Lizards may be smarter than you think
If you thought reptiles were some of the least intelligent creatures in the animal kingdom, well, you might want to reconsider.
Yes, researchers at Duke University believe the Puerto Rican anole lizard is at least as smart as the average bird.
During a recent study, the lizards proved themselves capable of solving new problems and even remembering/adapting the solution to solve future tests.
As part of the study, lizards were presented with two covered wells, one of which had a worm in it, the other of which was empty.
To get the worm, the lizards had to take the cap off the well by either biting it or pushing it off. On average, the lizards were able to get the cap off with three fewer tries than their avian counterparts.
"They'd put their snout under the little plastic chip and then quickly bump it," researcher Manuel Leal said in a statement. "They don't do this in the wild."
Scientists raised the stakes by putting a brightly colored cap over the worm well and a dull colored cap on the empty well.
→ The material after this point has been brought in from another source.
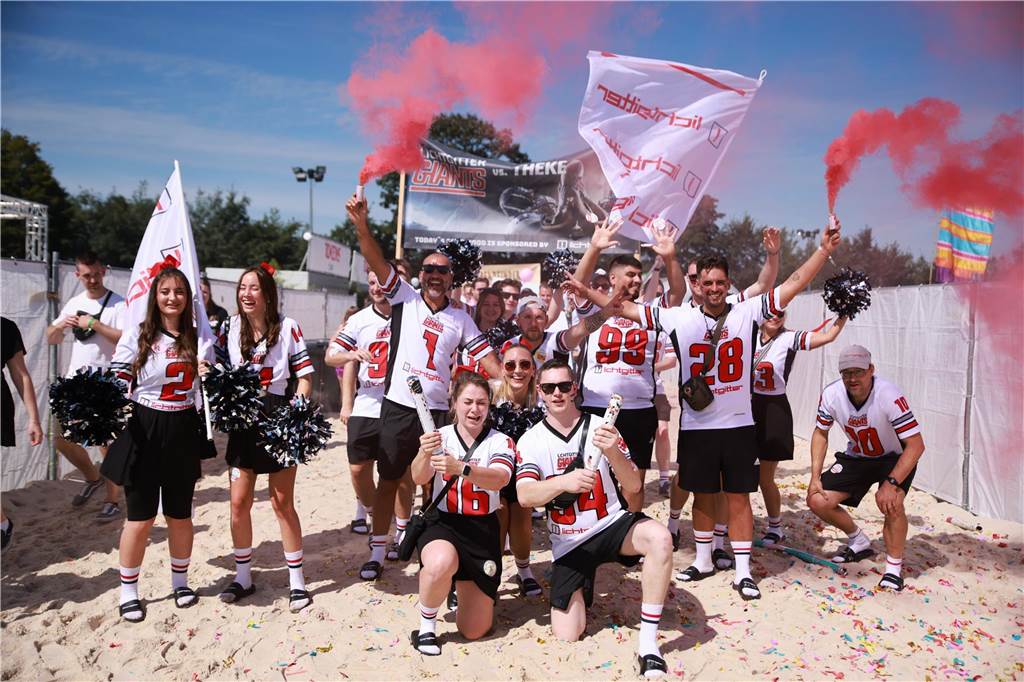 Beim olympischen Einmarsch stellten sich die Teams des Dodgeball Beach Cups in bunten Kostümen vor.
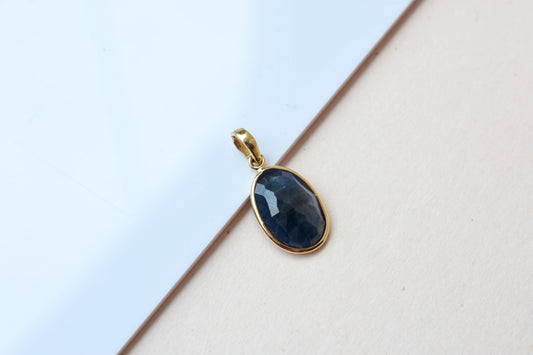 18K gold pendant with bezel-set oval blue sapphire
The lizards quickly learned to associate the brightly colored cap with dinner. When scientists switched the dull cap to the worm well, two out of four lizards learned to remove the dull cap instead of the bright cap after only a few trials.
Hey man, a lizard's gotta eat!
McGill University's Louis Lefebvre said the study doesn't necessarily mean lizards are smarter than birds because birds have larger body-to-brain ratios. However, he does concede anoles may be one of the smartest reptiles.
"We know birds and mammals have bigger brains and that within bird species and within mammal species, the bigger the brain is, the higher the chance of that larger-brained species making it when moving to a new environment," Lefebvre said. "It may be the same with lizards."
With over 400 species of anoles in the reptile class, these lizards seem particularly adept at adapting and thriving in new environments.